» **Task details**:
The listing below should be reproduced precisely, except for its images.

» **Data extract**:
####

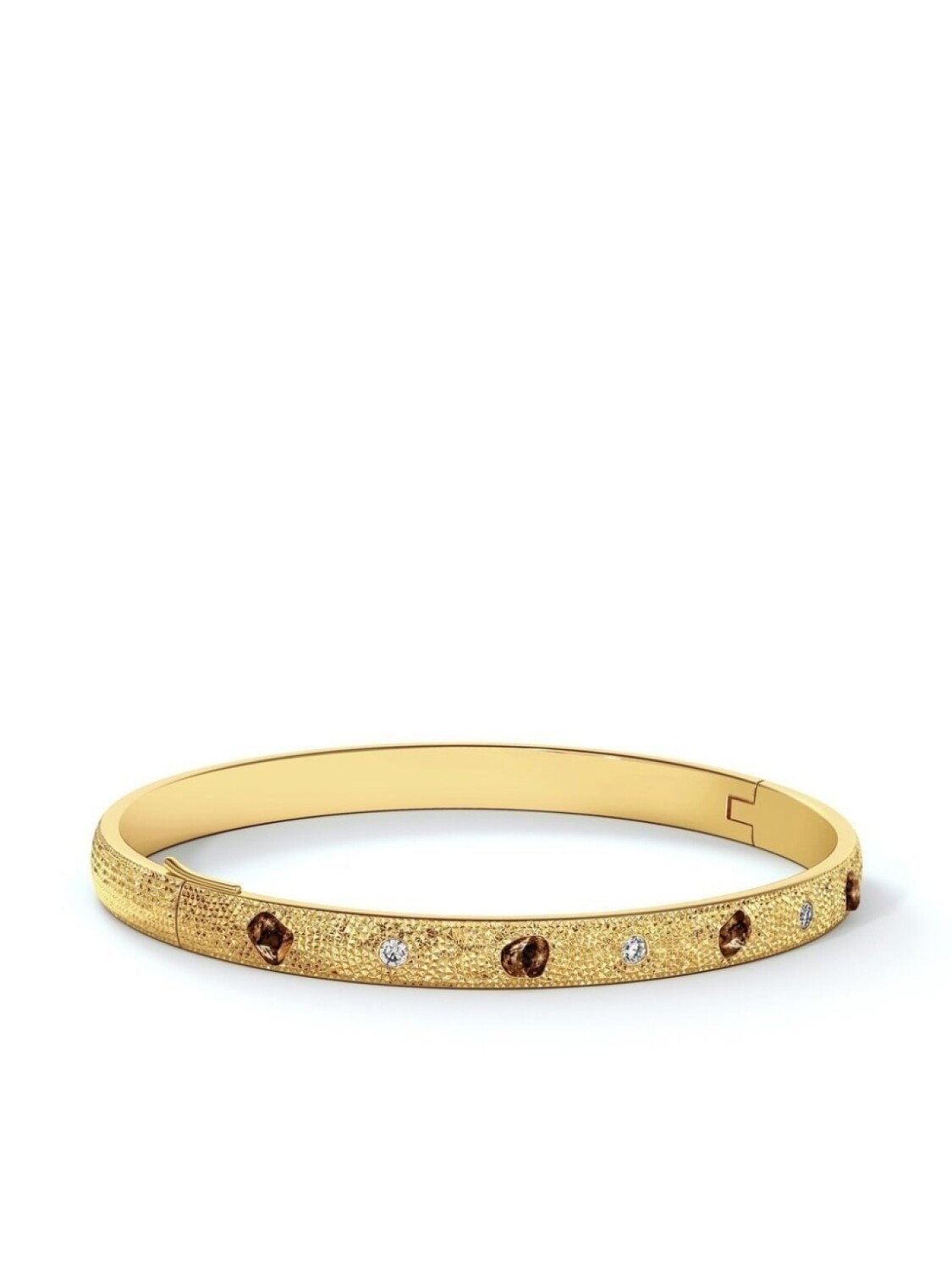 Браслет Talisman из желтого золота с бриллиантами De Beers Jewellers, золотой
Браслет Talisman из желтого золота с бриллиантами De Beers Jewellers, золотой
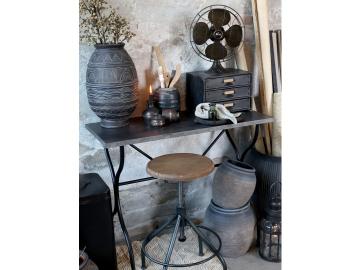 Antique Brass - Factory Fan for deco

####

» **Task output**:
 Браслет Talisman из желтого золота с бриллиантами De Beers Jewellers, золотой
Браслет Talisman из желтого золота с бриллиантами De Beers Jewellers, золотой
 Antique Brass - Factory Fan for deco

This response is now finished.